# Alpine Behavior



## bandana (Nov 20, 2016)

New to the forum but thought I'd post up my "current" problem raising Alpines to see if you all had any thoughts? We have three Alpines that are coming up on three years old. One's birthday is in March and the other two (sisters) are in May. We got them all when they were 4-6 months old. Since day one the older doe has been dominant but about three months ago that all changed overnight. The two sisters suddenly decided that they were having none of it and really started getting aggressive with the older girl, keeping her from the feeder and even keeping her out of the barn. As quickly as the sisters decided they didn't like the established hierarchy anymore the older doe became quite timid. She conceded dominance almost immediately but the other two have continued to bully her for three months now with no sign of let up. She can take care of herself one on one but the sisters will gang up on her.
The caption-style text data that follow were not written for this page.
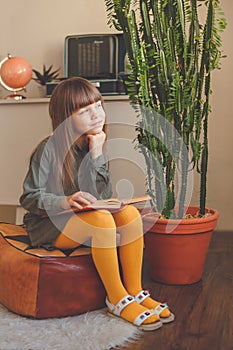 Charming little girl dreaming while reading book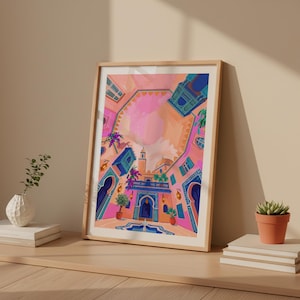 May include: A framed art print depicting a vibrant, stylized courtyard scene. The artwork features a pink and orange sky, blue archways, and colorful details. The print is displayed in a light-colored wooden frame, leaning against a neutral wall.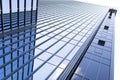 Tall modern business center building with glass office building and sky reflection Royalty Free Stock Photo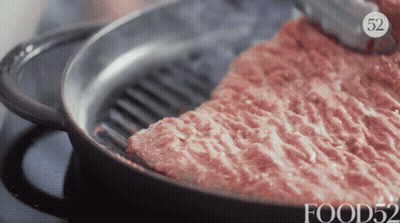 A Frying Pan Filled With Meat And The Number 52 On The Bottom GIF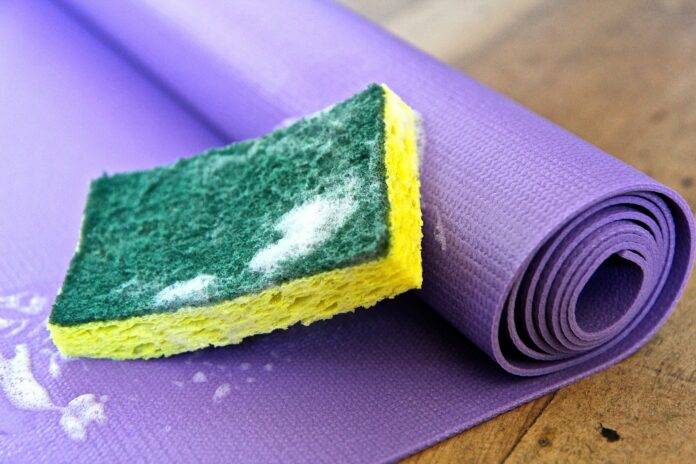 What should I clean my yoga mat with?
We've been hoping they would get it worked out by now but after three months with winter coming in we are getting worried. I had planned to get them bred this fall but with their constant battles going on have held out for fear of them hurting each other while pregnant. Any thoughts on helping them to resolve their issues? Nothing we've tried so far has worked...:sigh:


----------



## Ranger1 (Sep 1, 2014)

You may have to separate them, or even sell somebody.


----------



## ksalvagno (Oct 6, 2009)

Separate one of the sisters.


----------



## catharina (Mar 17, 2016)

Just a thought here--the sisters may have noticed a change in her that gave them reason to think they could succeed in toppling her. Could she be sick or even just a little anemic? The role switch may not have come completely out of the blue. I mention this because when my boss doe returned from "maternity leave" still pretty tired after having twins, her extremely timid little underling, who hadn't kidded in quite a while & was sleek & plump, very uncharacteristically initiated a round of head butting that was clearly serious business for both of them. She didn't win, but I was surprised she even tried--she's afraid of everything. (Also very interesting was that the boss doe didn't punish her for trying--they just settled right back into their familiar roles.)


----------



## JK_Farms (Nov 12, 2016)

Check too see if she's sick there shouldn't have been a sudden change in dominance


----------



## lottsagoats1 (Apr 12, 2014)

Every fall, when the does start to cycle, I have a pen full of cage fighters. Suddenly they all start fighting each other, even those that usually get along wonderfully. They stop and settle down once everyone is bred.

In your case, let mentioned before, one of the twins can be separated from her sister to even the odds a bit. Once things seem to settle down, put her back in and see how they act.

If that doesn't work, you may have to sell a doe or buy a 4th so the lone one will have back up.


----------